▶ Task goal
Omit the pictures and reproduce the rest of the listing exactly.

▶ Recorded information

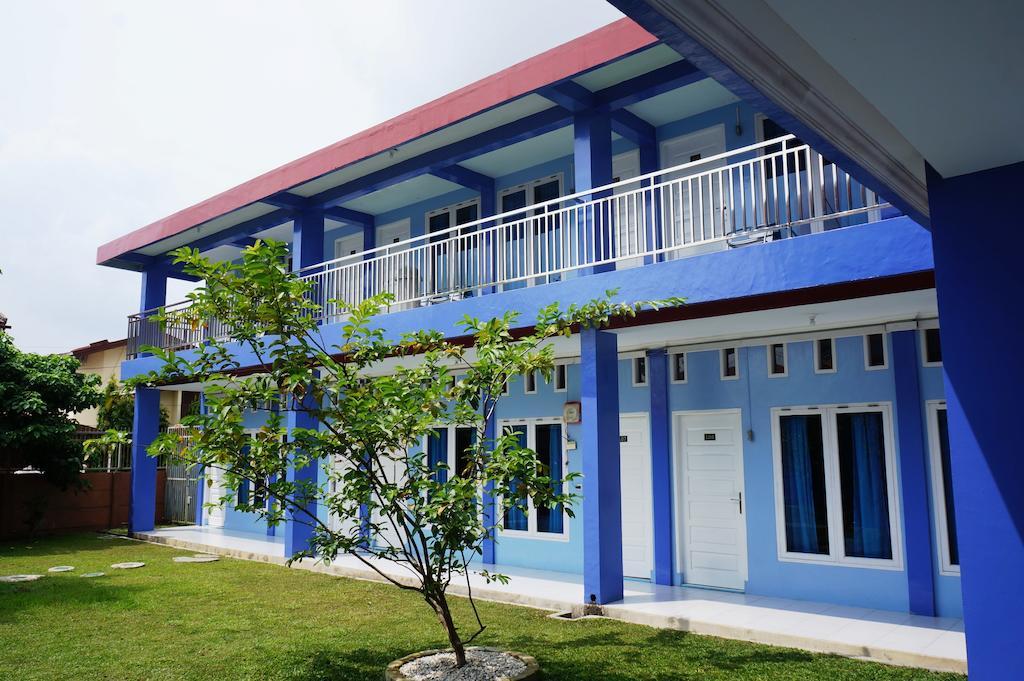 Kenari Residence Pekanbaru Exterior foto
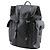 Zaino Christopher PM Louis Vuitton Nero - vista 2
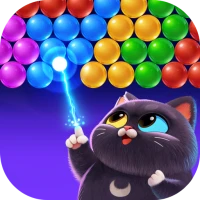 Petopia Pop: Bubble Shooter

▶ Response area
 Kenari Residence Pekanbaru Exterior foto
 Zaino Christopher PM Louis Vuitton Nero - vista 2
 Petopia Pop: Bubble Shooter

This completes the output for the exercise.